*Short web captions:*

Start of Block

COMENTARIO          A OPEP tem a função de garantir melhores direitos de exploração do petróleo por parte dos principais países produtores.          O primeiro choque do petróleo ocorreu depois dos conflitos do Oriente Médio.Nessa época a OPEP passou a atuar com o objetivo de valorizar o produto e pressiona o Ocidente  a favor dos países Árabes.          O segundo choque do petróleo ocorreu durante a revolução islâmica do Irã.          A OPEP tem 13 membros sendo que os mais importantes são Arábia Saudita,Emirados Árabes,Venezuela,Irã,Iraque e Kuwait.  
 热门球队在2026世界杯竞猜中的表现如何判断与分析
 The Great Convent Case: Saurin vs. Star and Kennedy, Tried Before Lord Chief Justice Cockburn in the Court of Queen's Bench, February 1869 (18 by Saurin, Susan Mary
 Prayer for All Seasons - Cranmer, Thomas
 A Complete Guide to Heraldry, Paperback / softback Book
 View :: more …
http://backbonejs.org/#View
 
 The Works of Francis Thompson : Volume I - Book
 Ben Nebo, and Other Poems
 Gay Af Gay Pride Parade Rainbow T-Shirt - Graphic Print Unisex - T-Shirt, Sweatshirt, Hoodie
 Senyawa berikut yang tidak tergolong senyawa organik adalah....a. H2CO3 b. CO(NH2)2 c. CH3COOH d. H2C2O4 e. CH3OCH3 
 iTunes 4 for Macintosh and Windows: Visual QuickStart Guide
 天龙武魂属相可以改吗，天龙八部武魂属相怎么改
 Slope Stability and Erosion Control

End of Block

*Task brief:* Repeat only the lines from the one holding "Prayer for All Seasons - Cranmer, Thomas" through the last line of the data.

*Answer space:*
 Prayer for All Seasons - Cranmer, Thomas
 A Complete Guide to Heraldry, Paperback / softback Book
 View :: more …
http://backbonejs.org/#View
 
 The Works of Francis Thompson : Volume I - Book
 Ben Nebo, and Other Poems
 Gay Af Gay Pride Parade Rainbow T-Shirt - Graphic Print Unisex - T-Shirt, Sweatshirt, Hoodie
 Senyawa berikut yang tidak tergolong senyawa organik adalah....a. H2CO3 b. CO(NH2)2 c. CH3COOH d. H2C2O4 e. CH3OCH3 
 iTunes 4 for Macintosh and Windows: Visual QuickStart Guide
 天龙武魂属相可以改吗，天龙八部武魂属相怎么改
 Slope Stability and Erosion Control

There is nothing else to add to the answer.